- **DATA SHOWN**
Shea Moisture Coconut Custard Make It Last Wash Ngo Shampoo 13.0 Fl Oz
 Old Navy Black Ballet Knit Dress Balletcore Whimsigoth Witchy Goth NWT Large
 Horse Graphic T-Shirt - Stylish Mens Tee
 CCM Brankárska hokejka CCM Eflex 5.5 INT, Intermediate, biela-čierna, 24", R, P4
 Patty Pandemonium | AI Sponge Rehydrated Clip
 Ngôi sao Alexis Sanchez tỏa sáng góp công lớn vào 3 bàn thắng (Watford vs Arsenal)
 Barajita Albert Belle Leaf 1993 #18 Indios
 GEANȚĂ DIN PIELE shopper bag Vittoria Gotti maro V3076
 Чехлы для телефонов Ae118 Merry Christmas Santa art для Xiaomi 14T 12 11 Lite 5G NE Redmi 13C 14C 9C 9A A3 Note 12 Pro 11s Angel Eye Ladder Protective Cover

- **PROBLEM STATEMENT**
All entries are to be reproduced verbatim, with none omitted.

- **SOLVED PROBLEM**
Shea Moisture Coconut Custard Make It Last Wash Ngo Shampoo 13.0 Fl Oz
 Old Navy Black Ballet Knit Dress Balletcore Whimsigoth Witchy Goth NWT Large
 Horse Graphic T-Shirt - Stylish Mens Tee
 CCM Brankárska hokejka CCM Eflex 5.5 INT, Intermediate, biela-čierna, 24", R, P4
 Patty Pandemonium | AI Sponge Rehydrated Clip
 Ngôi sao Alexis Sanchez tỏa sáng góp công lớn vào 3 bàn thắng (Watford vs Arsenal)
 Barajita Albert Belle Leaf 1993 #18 Indios
 GEANȚĂ DIN PIELE shopper bag Vittoria Gotti maro V3076
 Чехлы для телефонов Ae118 Merry Christmas Santa art для Xiaomi 14T 12 11 Lite 5G NE Redmi 13C 14C 9C 9A A3 Note 12 Pro 11s Angel Eye Ladder Protective Cover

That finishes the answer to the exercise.